[[ Data to examine, beginning ]]

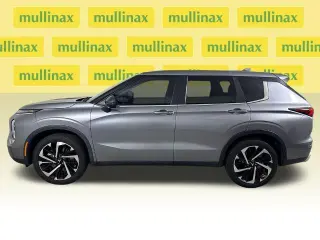 Mitsubishi Outlander 2022 SE 4p SUV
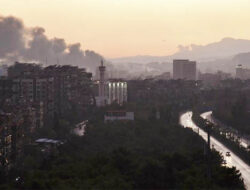 Surat dari Timur Tengah: Rasa Takut, Kelegaan, dan Impian: Pengakuan Saksi Mata Terkait Gejolak di Suriah
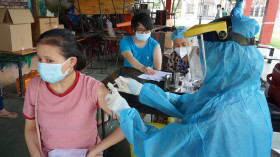Sẵn sàng mọi điều kiện tiêm vắc xin ngừa Covid-19 cho trẻ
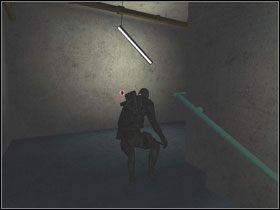 1 - Paris - część 3 | France | Tom Clancys Splinter Cell Pandora Tomorrow - Tom Clancys Splinter Cell: Pandora Tomorrow - poradniki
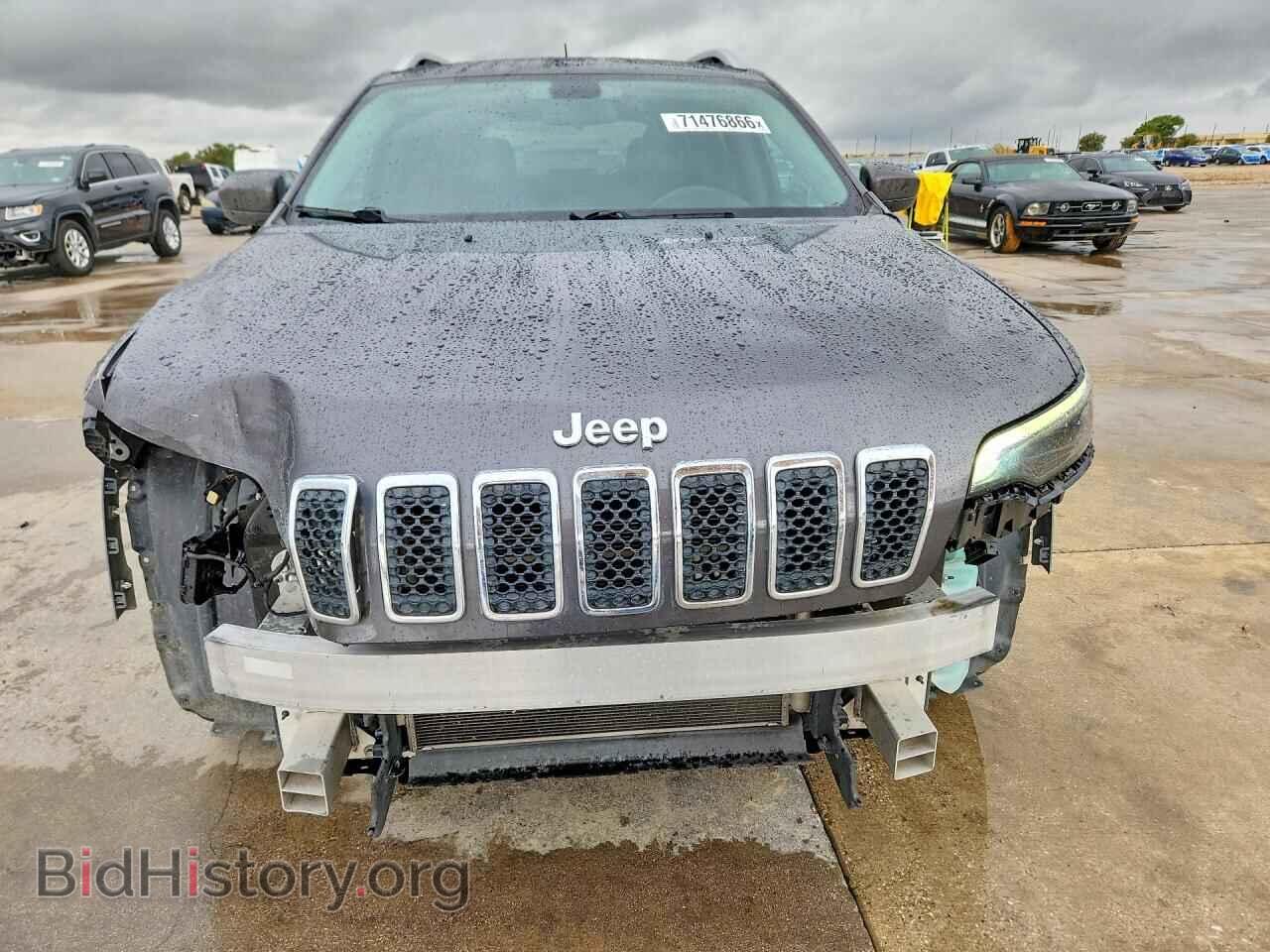 2019 JEEP CHEROKEE - VIN: 1C4PJLLB9KD204219 - Фото 5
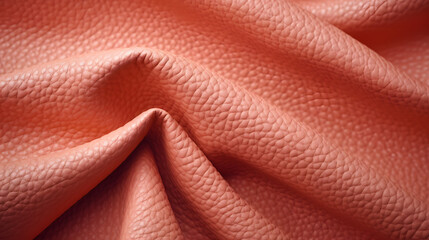 Soft and velvety peach skin texture with a textured surface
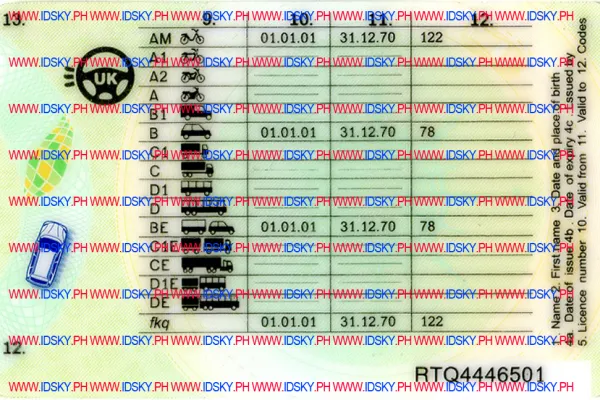 Order UK-PROVISIONAL fake ID - fast delivery and best price guaranteed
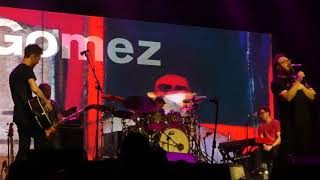 Gomez 2018-03-29 Made No Sound at Byron Bay Bluesfest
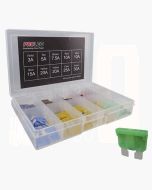 Fuse Kit Auto Blade Fuse Fast - 100pcs
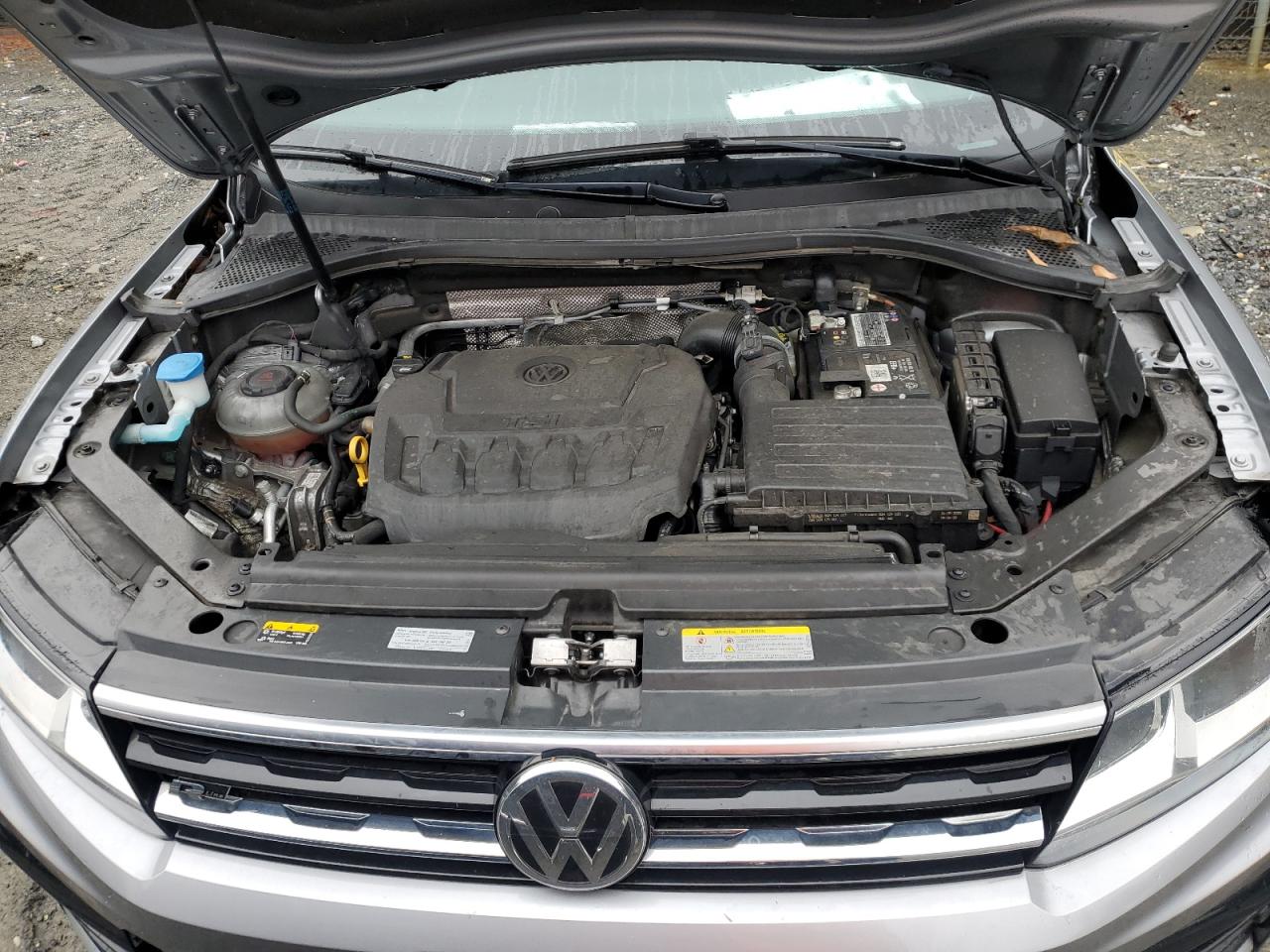 Автомобіль VOLKSWAGEN TIGUAN SE 2021 | GrandCar Автомобіль VOLKSWAGEN TIGUAN SE 2021 | GrandCar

[[ Data to examine, end ]]

Task objective: Reproduce nothing but the lines that run from the line containing "1 - Paris - część" through the last line of the records, inclusive. Omit the pictures.

Reply:
 1 - Paris - część 3 | France | Tom Clancys Splinter Cell Pandora Tomorrow - Tom Clancys Splinter Cell: Pandora Tomorrow - poradniki
 2019 JEEP CHEROKEE - VIN: 1C4PJLLB9KD204219 - Фото 5
 Soft and velvety peach skin texture with a textured surface
 Order UK-PROVISIONAL fake ID - fast delivery and best price guaranteed
 Gomez 2018-03-29 Made No Sound at Byron Bay Bluesfest
 Fuse Kit Auto Blade Fuse Fast - 100pcs
 Автомобіль VOLKSWAGEN TIGUAN SE 2021 | GrandCar Автомобіль VOLKSWAGEN TIGUAN SE 2021 | GrandCar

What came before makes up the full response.